Beginning with the line that contains "Vintage 1990’s Dallas", copy each subsequent line of the data below through the last one, including both ends but not the pictures.

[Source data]
- Opening Delimiter -

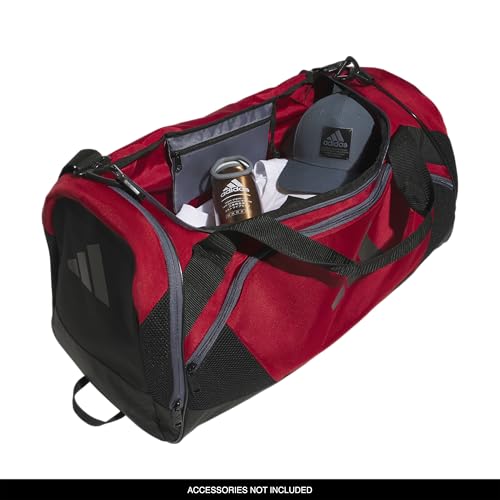 adidas Unisex Team Issue Sports Duffel Bag for Men and Women - color: Power Red/2
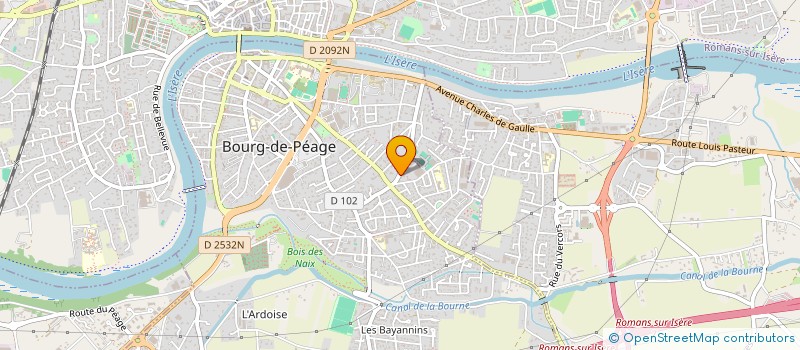 localisation de l'entreprise PODO  BOURG-DE-PEAGE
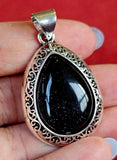 Assorted Crystal Silver Plated Teardrop Shaped Necklace
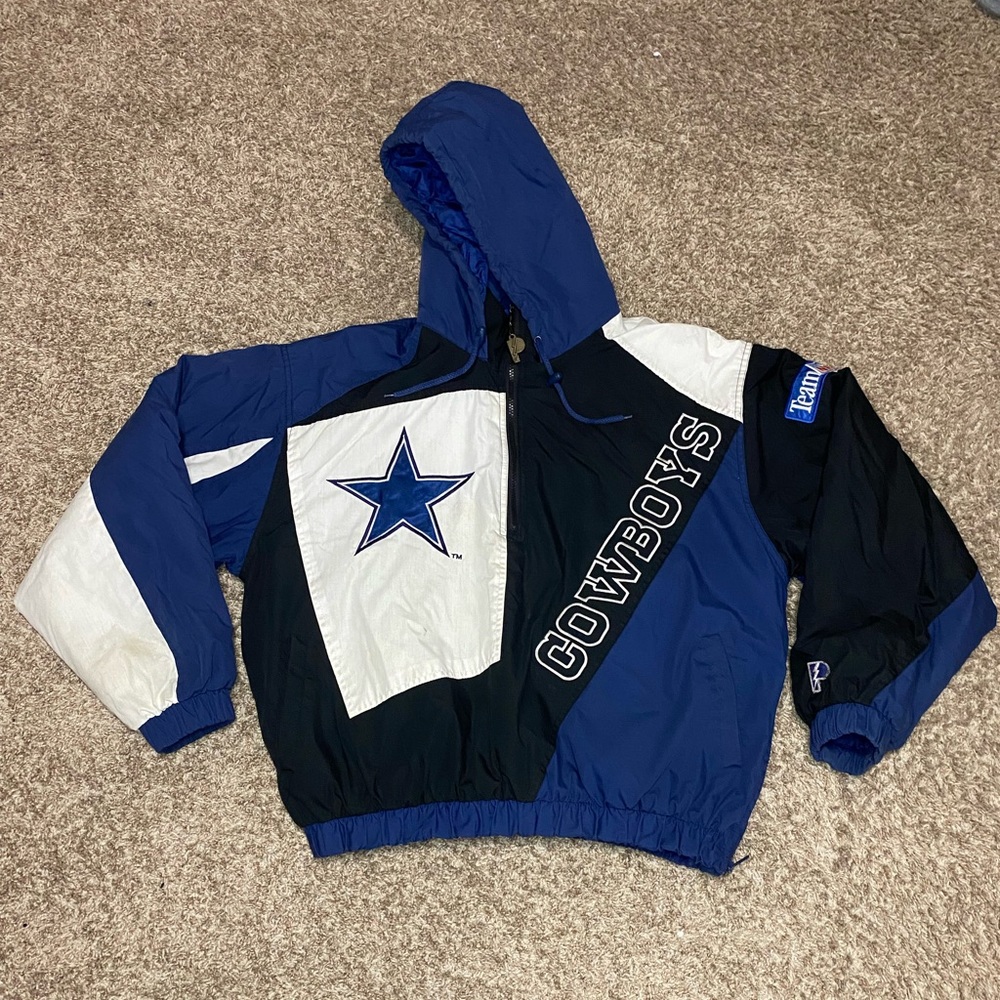 Vintage 1990’s Dallas Cowboys Pro Player Big Logo Puffer Jacket Men’s Size LARGE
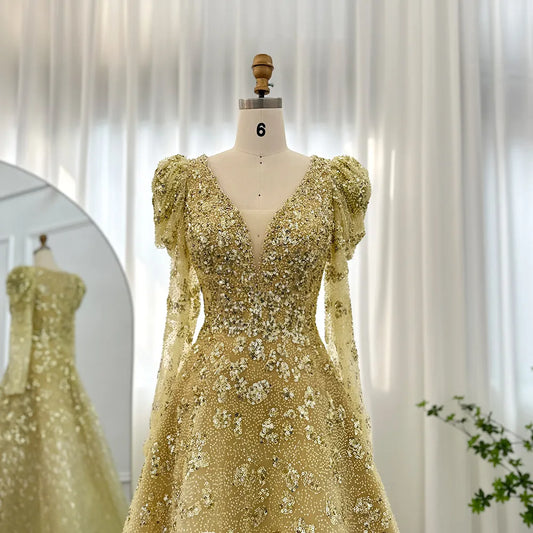 Vestido de Festa Luxuoso Glamour - Modelo Especial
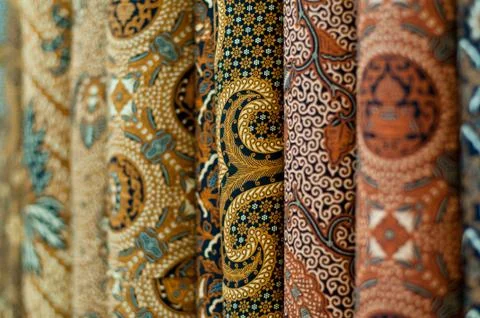 Colourful batik Stock Photos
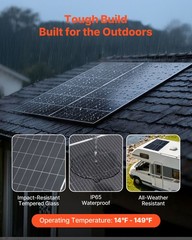 VEVOR 2PCS 400W Bifacial Solar Panels 24% Efficiency Monocrystalline PV Module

- Closing Delimiter -

-- TASK RESPONSE --
 Vintage 1990’s Dallas Cowboys Pro Player Big Logo Puffer Jacket Men’s Size LARGE
 Vestido de Festa Luxuoso Glamour - Modelo Especial
 Colourful batik Stock Photos
 VEVOR 2PCS 400W Bifacial Solar Panels 24% Efficiency Monocrystalline PV Module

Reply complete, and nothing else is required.